El hombre sin pasado y sin presente, discapacitado psíquico, disparado al futuro como un disparate.

Así, muy a propósito, el proscrito escritor estadounidense Francis Parker Yockey (¿un escritor estadounidense proscrito?, pues sí, no uno sino muchos, en cierta medida todos esos retardatarios que osen oponerse o tan siquiera cuestionar la religión progresista) apunta en su libro Imperium: «Quien quiera que alardee de ser moderno debe recordar que se hubiera sentido exactamente igual de moderno en la Europa de Carlos V, y que está predestinado a convertirse en tan “anticuado” a los hombres del año 2050 como los de 1850 lo son para él». Según Parker Yockey el progresismo parece ser una necesidad orgánica del racionalismo, necesidad de sentir que «las cosas van mejorando cada vez más». Así, el progreso presuntamente fue un continuo avance moral de la humanidad, un movimiento hacia una mayor y mejor civilización. La ideología del progreso sempiterno fue formulada con leves diferencias por cada materialista, pero nunca se permitió discutir la realidad del progreso, o progresamos o perecemos; parecían proclamar. Dudarlo conllevaba a ser tildado de pesimista, en el mejor de los casos, o de reaccionario en el peor. De suerte que se le imponía a la ya doliente humanidad el dolor de un ideal, el ideal del progreso perenne que era por demás, necesariamente inalcanzable, pues de poderse alcanzar, el ponderado progreso se detendría y eso, por supuesto, era impensable. Dudar de Dios está bien. Dudar del Progreso, de Pegaso como símbolo del Progreso, uf, no, mejor no, porque huele a peligro.
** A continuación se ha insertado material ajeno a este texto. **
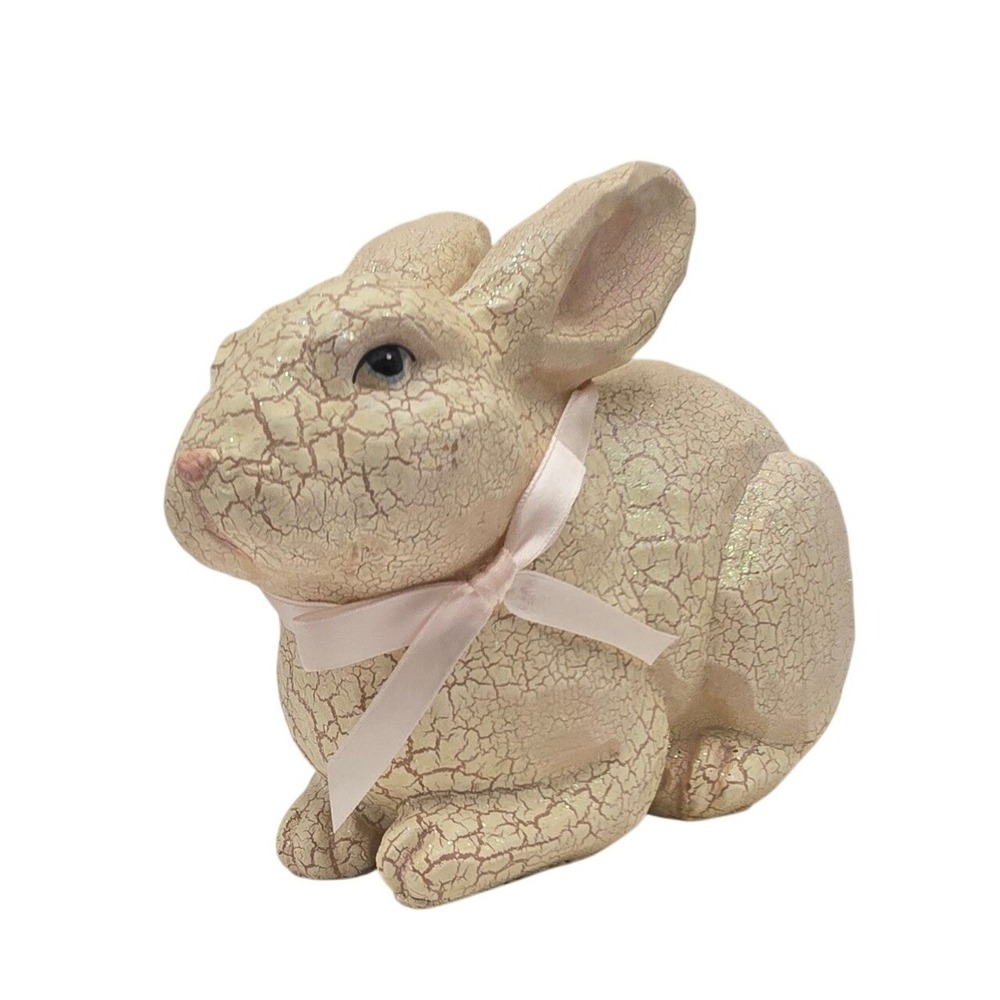 Nantucket Home Cream Crackle Glaze Bunny Rabbit Figurine Iridescent Glitter Bow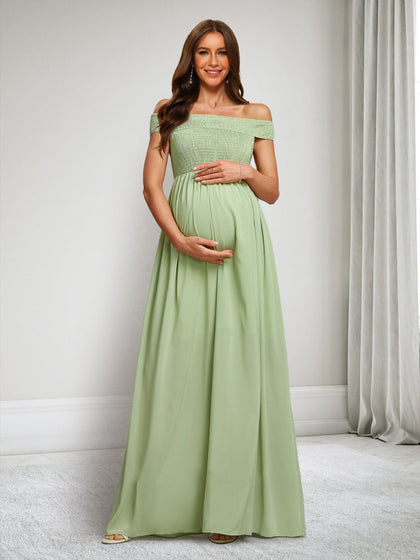 Robes de Maternité Ligne A/Princesse Décolleté Épaules Nues sans Manches Longueur Sol avec Plis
De manera que el hombre moderno, y cada vez más el postmoderno, vive en la tortura total del Progreso que se le impone como a Sísifo el eterno subir de la pesada piedra por la pendiente de la empinada montaña. La felicidad en el horizonte, la felicidad en el futuro que no llega; como en el comunismo. El progresismo como dogma, como cruel engañabobos. ¿Cuántos poetas descartados o disminuidos por su falta de optimismo? ¿Cuántos petardos encumbrados por su fe ciega en el progreso de los pueblos?